Share your dilemmas and get honest opinions from other Mumsnetters.

AIBU to find it weird when adult friend acts like a baby?

177 replies

Puzzled47 · 31/05/2021 21:22

I will preface this to say this is one of my oldest friends and I love her to bits, she is kind, thoughtful, we have great fun etc.

However, she has a habit of acting like a baby a lot of the time and it genuinely baffles me! She's always done it to some extent but I'm sure she's got worse in the last year or so. We are both early 30s btw.

Examples include:
Regularly talking in an actual baby voice (no human under the age of 30 around) and using phrases like "would you like some more winey winey?"
Calls her parents mumma and dadda, never mum and dad etc
Refers to a shower as a "joosh joosh" (wtf?!)
Calls her husband all sorts of really cringy pet names (in public) in a baby voice like "sausage boo" and "bubba".
She sometimes physically acts quite childlike too, it's hard to explain but things like holding a mug of tea, or a glass of water, she holds it with both hands and tips it up to sip with her arms tucked tight to her body (she has no physical disability before anyone suggests that).

It's odd as she is physically extremely petite and quite underweight and has mentioned before how she feels insecure at not having a womanly figure.
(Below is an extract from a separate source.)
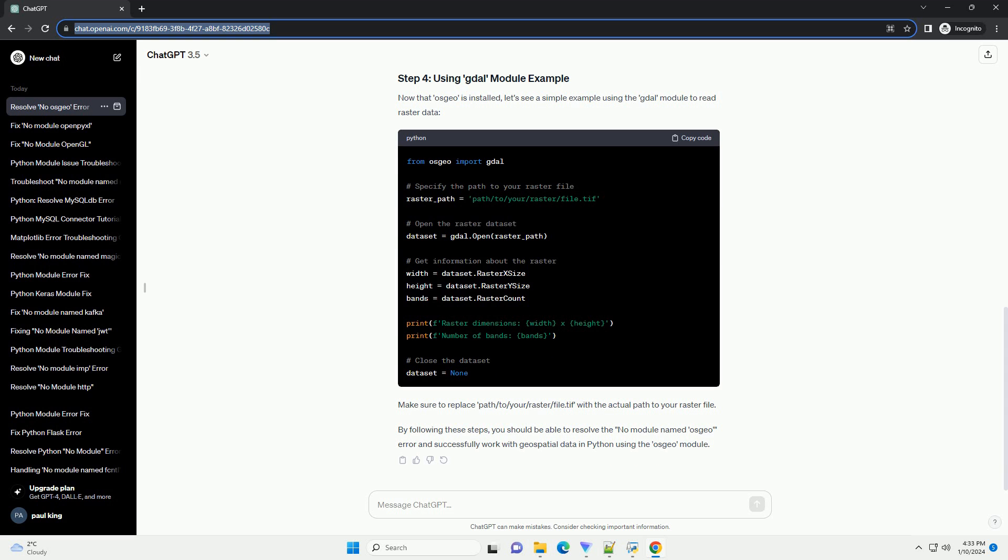Now that OSGEO is installed, let's see a simple example using the GDAL module to read raster data. Make sure to replace path/to/your/raster/file.tif with the actual path to your raster file. By following these steps, you should be able to resolve the no module named OSGEO error and successfully work with geospatial data in Python using the OSGEO module.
So I find it odd that she chooses to act like a child if this is one of her insecurities?

Maybe I'm just a massive bitch but this is weird behaviour for a grown adult right?

YABU - this is perfectly normal, I wouldn't bat an eyelid at this behaviour
YANBU - no, weird

OP posts:
Bangolads · 02/06/2021 21:12

Mmm yes this is odd and sounds very annoying. The older I get the more people baffle me, however I accept that surely in turn I must baffle them. If she’s a great friend then I don’t see the issue if I’m honest. We all put up with one another on the end and I hate to say it but you probably annoy her too.

SingleMamaG · 02/06/2021 21:27

It makes women feel precious and special and vulnerable (I’m guessing here) it’s attention seeking. It’s weird.

skwish · 02/06/2021 21:45

I once had a boyfriend who did this. Particularly weird as I was mid twenties, he was late thirties. So fucking weird. Also used to refer to himself in the third person (shudder). Needless to say he didn’t last long! Personally I wouldn’t be able to cope with this woman’s company, but each to their own!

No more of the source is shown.